↓↓↓

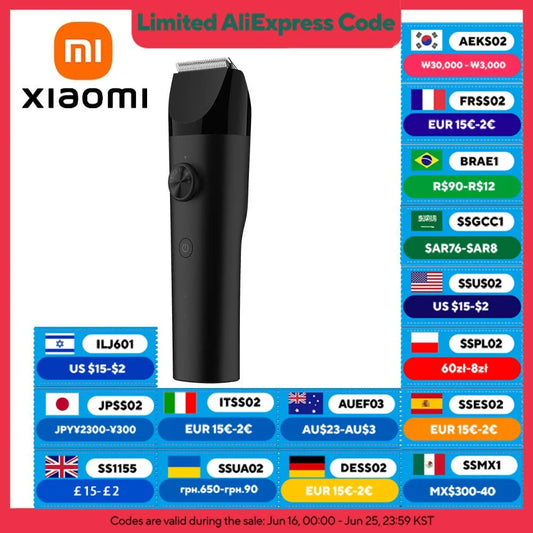 XIAOMI MIJIA Hair Clipper,180min battery life,IPX7 Waterproof Titanium-Plated Ceramic Blade,Barber Clippers For Men Professional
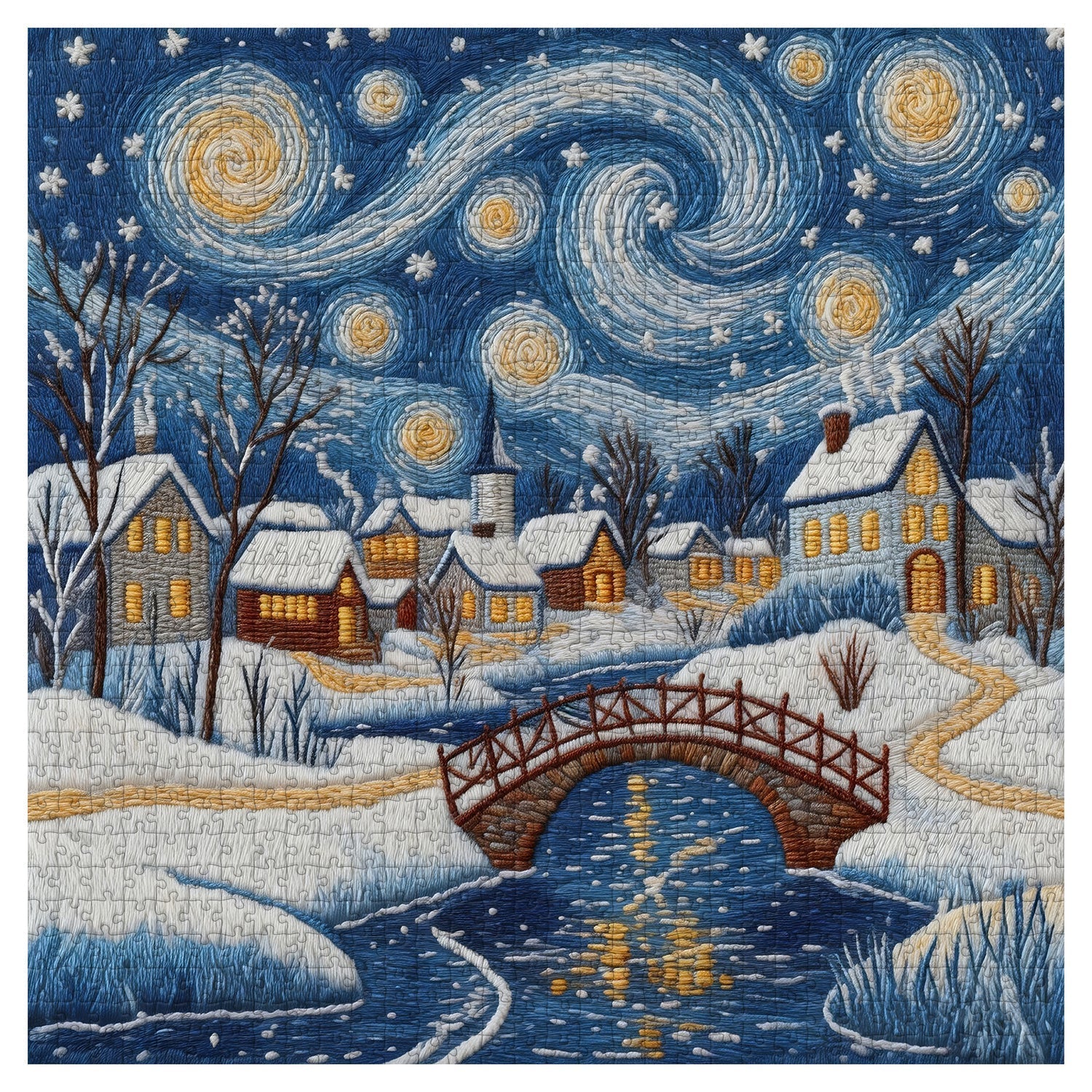 Snowy Village Glow Jigsaw Puzzle 1000 Pieces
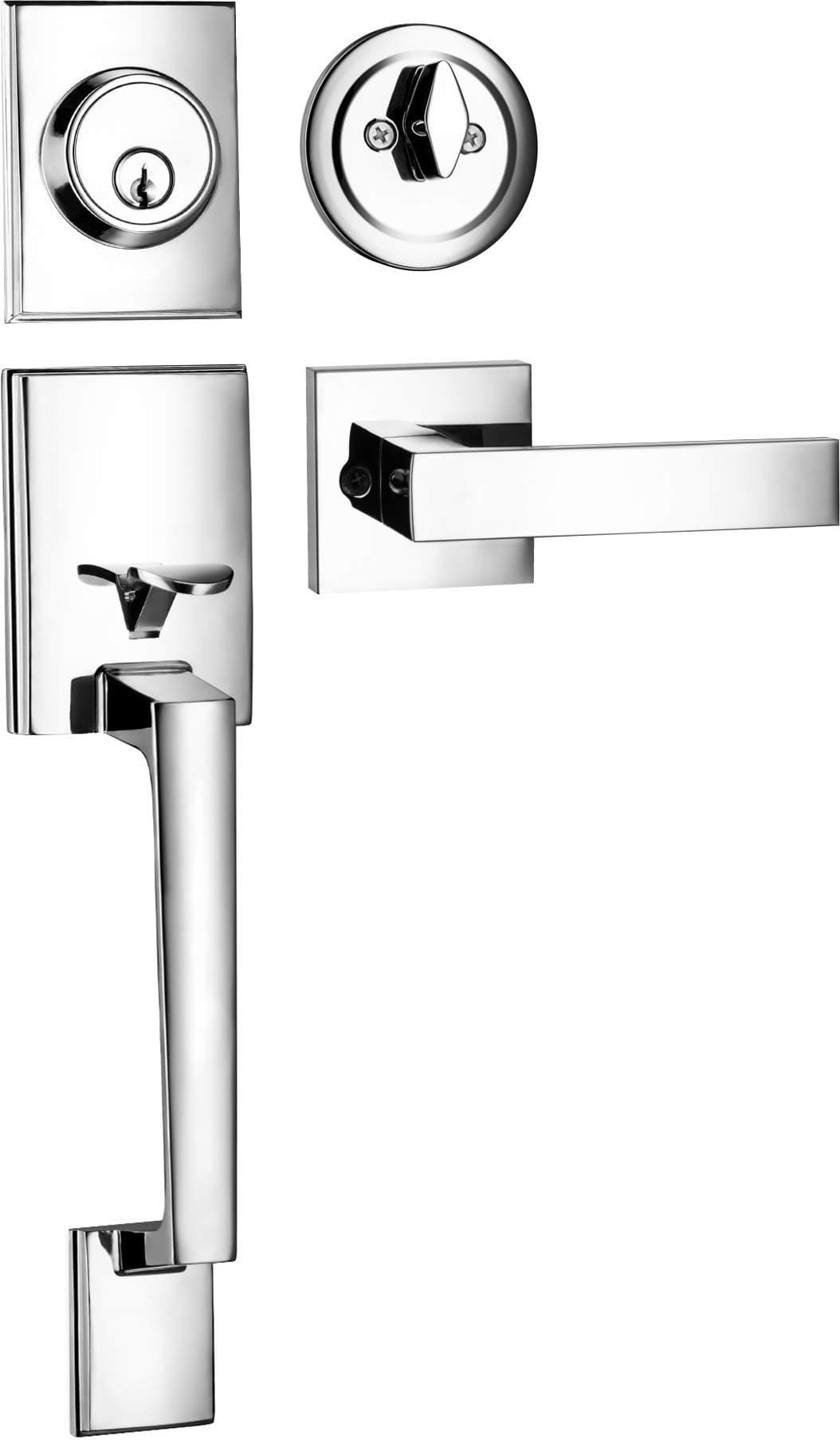 Berlin Modisch Single Cylinder HandleSet with Lever Door Handle for Entrance and Front Door Reversible for Right and Left Handed and a Single Cylinder deadbolt Handle Set Polished Chrome Finish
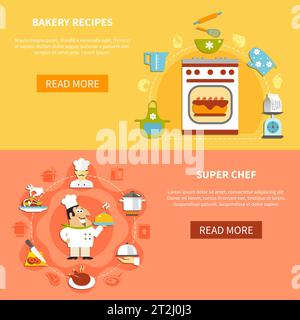 Cooking horizontal banners with home bakery ingredients chef and his tasks in flat style vector illustration Stock Vector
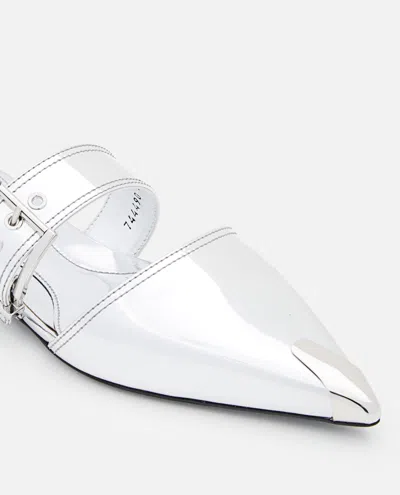 Alexander Mcqueen Mirror Pointed Open Back Sandals In Metallic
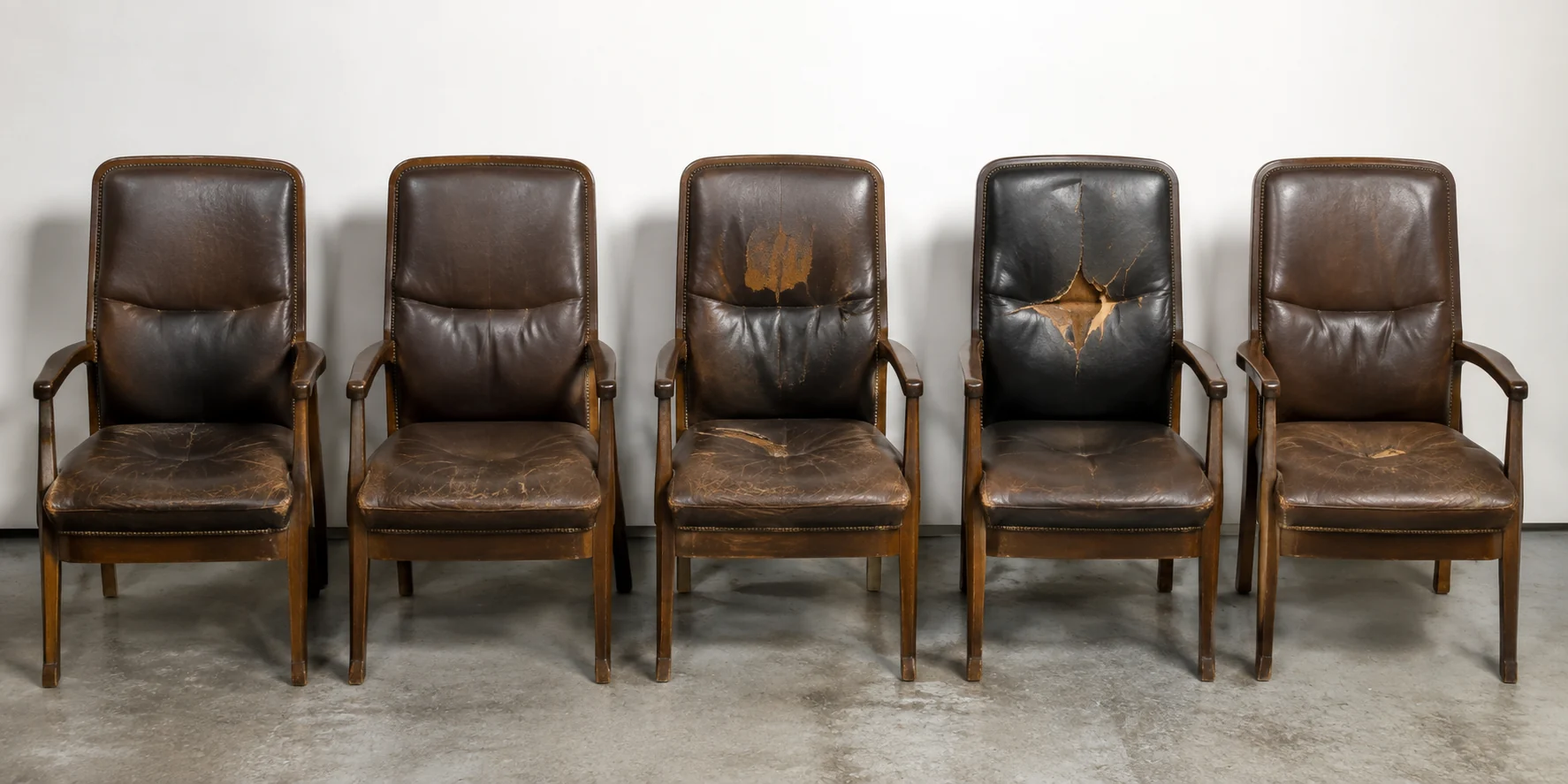 Row of matching law office chairs with one worn seat breaking the set
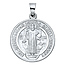 St Benedict 'EIVS IN OBITV NRO PRA SENTIA MVNIAMVR' Medal Pendant in Sterling Silver - Medium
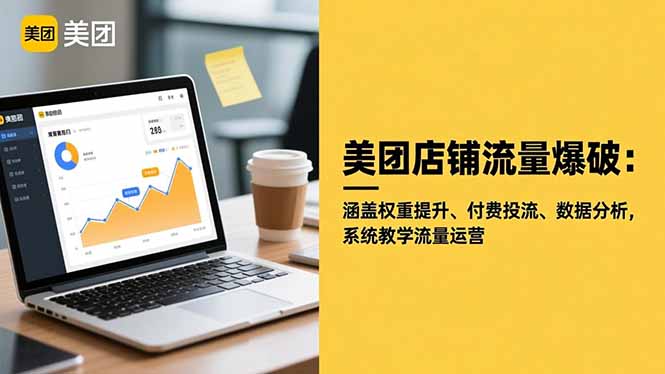 美团店铺流量爆破：涵盖权重提升、付费投流、数据分析，系统教学流量运营-蓝海云网创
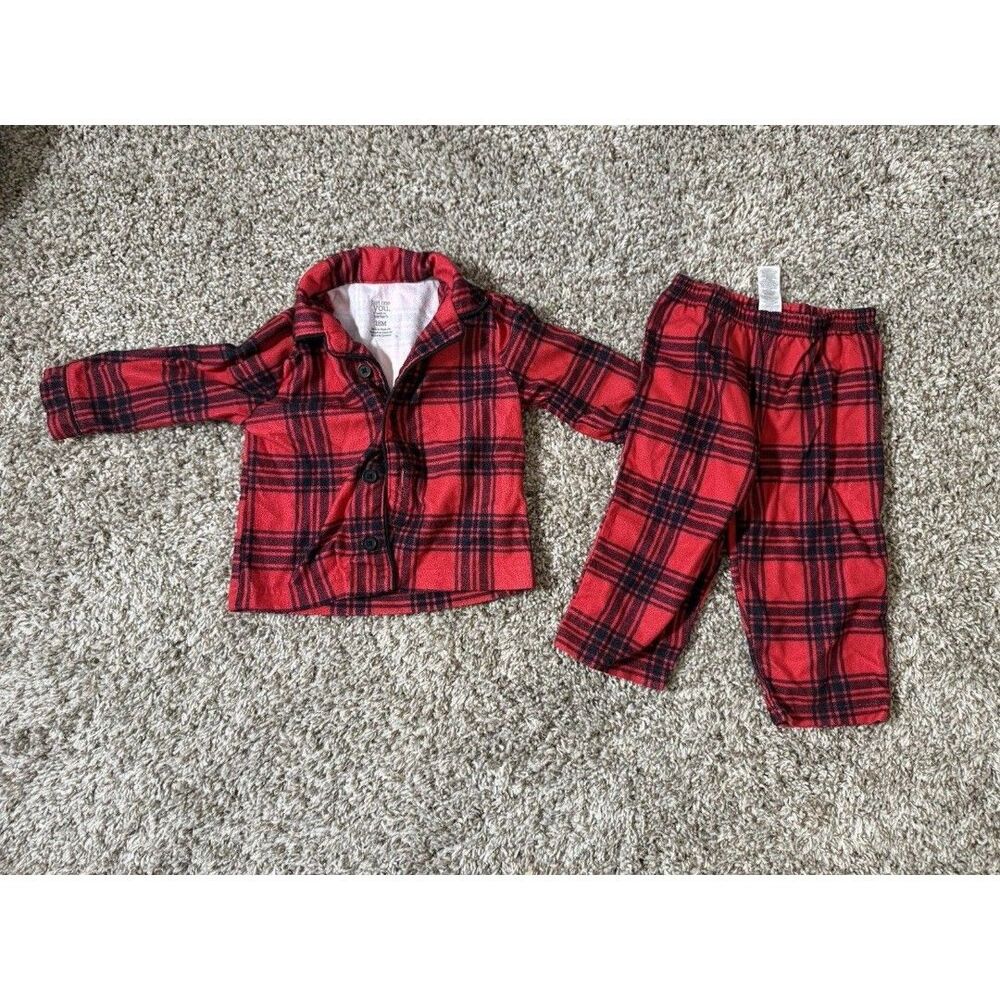 Just One You Carter's Red Black Plaid Fleece Pajamas Set 18M Button Up Toddler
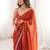 rust satin saree with blouse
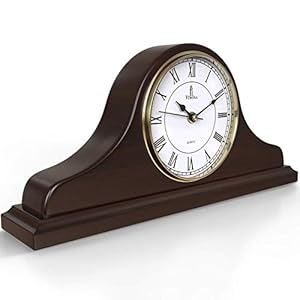 Mantel Clock Battery Operated – Wooden Mantle Clock – 15×7.5 – Silent, Made of Real Wood & Easy to Read – for Living Room Decor Above Fireplace Mantel, Office, Shelf, Table & Home Décor Gift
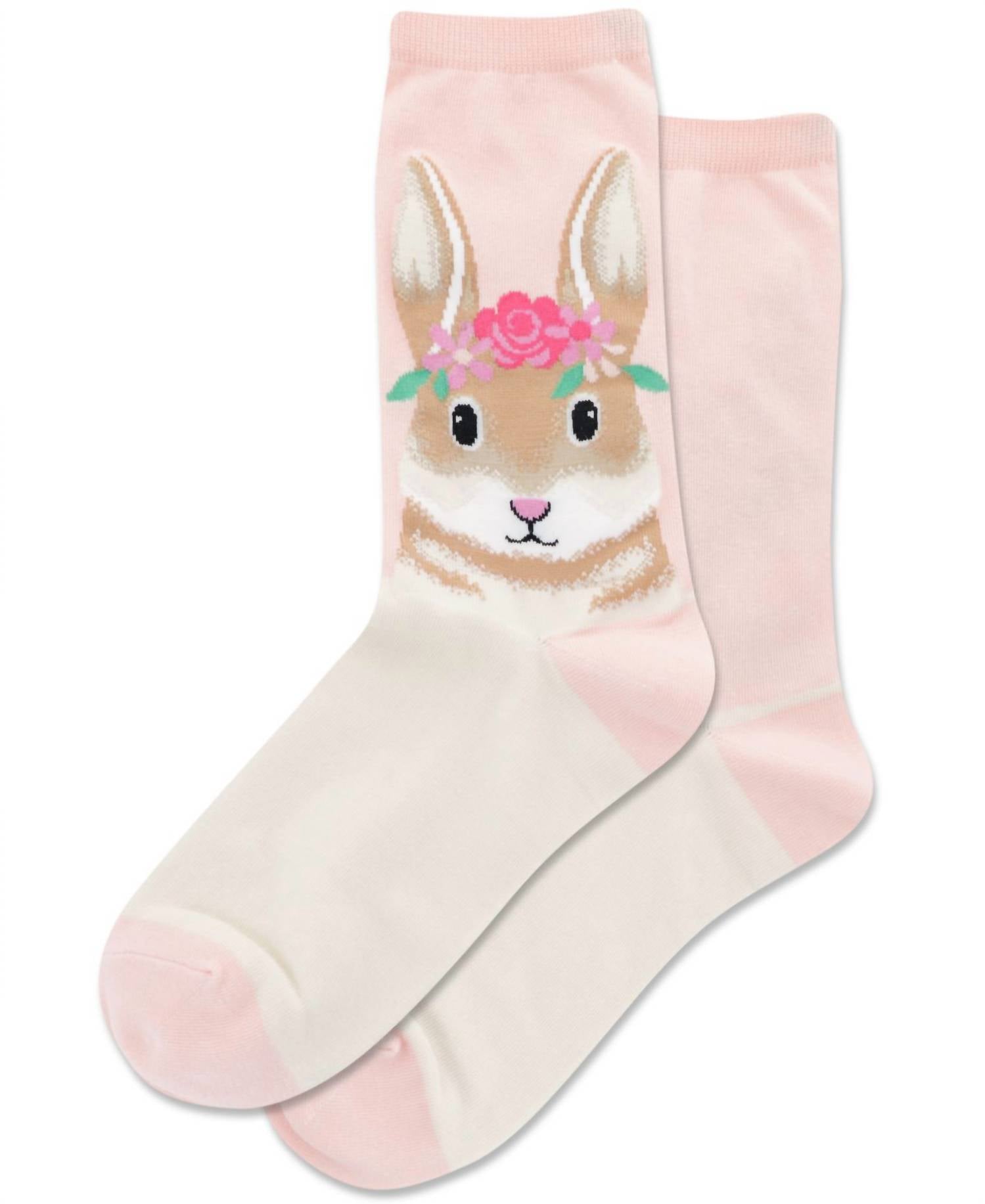 Hotsox - Women's Flower Crown Bunny Crew Socks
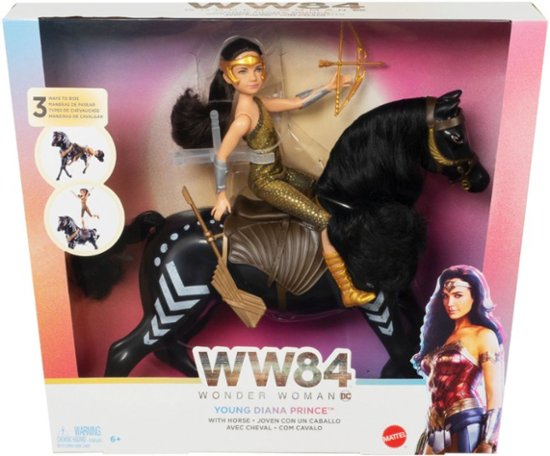 Front Zoom. Mattel - Wonder Woman 1984 Young Diana and Horse Dolls.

↑↑↑

When you transcribe these entries, keep every word exact and drop the pictures.

 XIAOMI MIJIA Hair Clipper,180min battery life,IPX7 Waterproof Titanium-Plated Ceramic Blade,Barber Clippers For Men Professional
 Snowy Village Glow Jigsaw Puzzle 1000 Pieces
 Berlin Modisch Single Cylinder HandleSet with Lever Door Handle for Entrance and Front Door Reversible for Right and Left Handed and a Single Cylinder deadbolt Handle Set Polished Chrome Finish
 Cooking horizontal banners with home bakery ingredients chef and his tasks in flat style vector illustration Stock Vector
 Alexander Mcqueen Mirror Pointed Open Back Sandals In Metallic
 Row of matching law office chairs with one worn seat breaking the set
 St Benedict 'EIVS IN OBITV NRO PRA SENTIA MVNIAMVR' Medal Pendant in Sterling Silver - Medium
 美团店铺流量爆破：涵盖权重提升、付费投流、数据分析，系统教学流量运营-蓝海云网创
 Just One You Carter's Red Black Plaid Fleece Pajamas Set 18M Button Up Toddler
 rust satin saree with blouse
 Mantel Clock Battery Operated – Wooden Mantle Clock – 15×7.5 – Silent, Made of Real Wood & Easy to Read – for Living Room Decor Above Fireplace Mantel, Office, Shelf, Table & Home Décor Gift
 Hotsox - Women's Flower Crown Bunny Crew Socks
 Front Zoom. Mattel - Wonder Woman 1984 Young Diana and Horse Dolls.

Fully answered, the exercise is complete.